Patrick J. C. Ryan (born September 28, 1955 in Winnipeg, Manitoba) is a Canadian curler originally from Edmonton, Alberta. Ryan is a former World Champion skip, and three time Brier champion. Ryan lives in Kelowna, British Columbia.

==Career==
Ryan appeared in his first Brier in 1979 when he was the second for Paul Devlin's Alberta team. They finished 6-5. In 1985, Ryan returned to the Brier, as a skip of Team Alberta. His team of Gord Trenchie, Don McKenzie, and Don Walchuk had an impressive 11-1 performance, their only loss coming in the final against Al Hackner of Northern Ontario. Two years later, Ryan would return to the Brier. His new team, which included Randy Ferbey (whom he played with at the 1986 Canadian Mixed Championship) and Roy Herbert along with Walchuk finished with a disappointing 6-5 record. At the 1988 Labatt Brier however, Ryan's Alberta foursome (now with Don McKenzie as lead instead of Herbert) would win the championship defeating Eugene Hritzuk of Saskatchewan in the final. Ryan's team had a perfect 12-0 record. At the World Championships however, Ryan's team would be undefeated all the way to the final against Eigil Ramsfjell of Norway which he lost. Ryan returned to the 1989 Labatt Brier, which he won again, albeit with three losses along the way. Ryan would this time be able to win the 1989 World Championships, again with three losses. He defeated Patrick Hürlimann of Switzerland in the final. Ryan was nicknamed the Ryan Express for his team's ability to peel rocks which led to many low scoring games, but gave the team two straight Brier championships. This strategy was perceived as boring, and elicited jeering from crowds, and forced the rules of curling to be changed with the implementation of the free guard zone.
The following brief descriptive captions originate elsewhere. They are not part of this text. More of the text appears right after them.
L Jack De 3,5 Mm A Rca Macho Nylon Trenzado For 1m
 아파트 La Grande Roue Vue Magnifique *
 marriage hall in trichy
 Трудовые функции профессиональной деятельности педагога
1993 would be Ryan's next Brier appearance. This time Ryan had moved from Edmonton, Alberta to Kelowna, British Columbia. In 1993, Ryan played third for Rick Folk which lost the final to Russ Howard from Ontario. Ryan and Folk would return to the 1994 Labatt Brier where they won, getting their revenge against Howard in the final. At the 1994 World Championships, Ryan would win his second World Championships, as their team defeated Jan-Olov Nässén of Sweden in the final. Ryan and Folk would return to the Brier again in 1995, however they finished 6-5.

Ryan wouldn't return to the Brier until 2002. By now, Ryan was the skip of team British Columbia, and his team of Deane Horning, Kevin MacKenzie, and Rob Koffski would finish 6-5 at the 2002 Nokia Brier. Ryan's last Brier to date was the 2003 Nokia Brier, where his team of Horning, MacKenzie and Bob Ursel finished 7-6

Ryan moved back to Alberta, and won his first Canadian Senior Curling Championship (for curlers over 50 years old) in 2007 as the skip for Team Alberta.
In 2008, Ryan skipped Canada to a World Senior Curling Championship. He moved to Toronto in 2008, and played alternate for Peter Corner's team at the 2009 TSC Stores Tankard.

==Personal life==
Ryan is currently employed as a chartered professional accountant. He is married and has two children.

Ryan also writes and performs country music solo and performing with his daughter Lynsay. He has released two CDs, Old Dog - New Tricks and Little Bit of Trouble.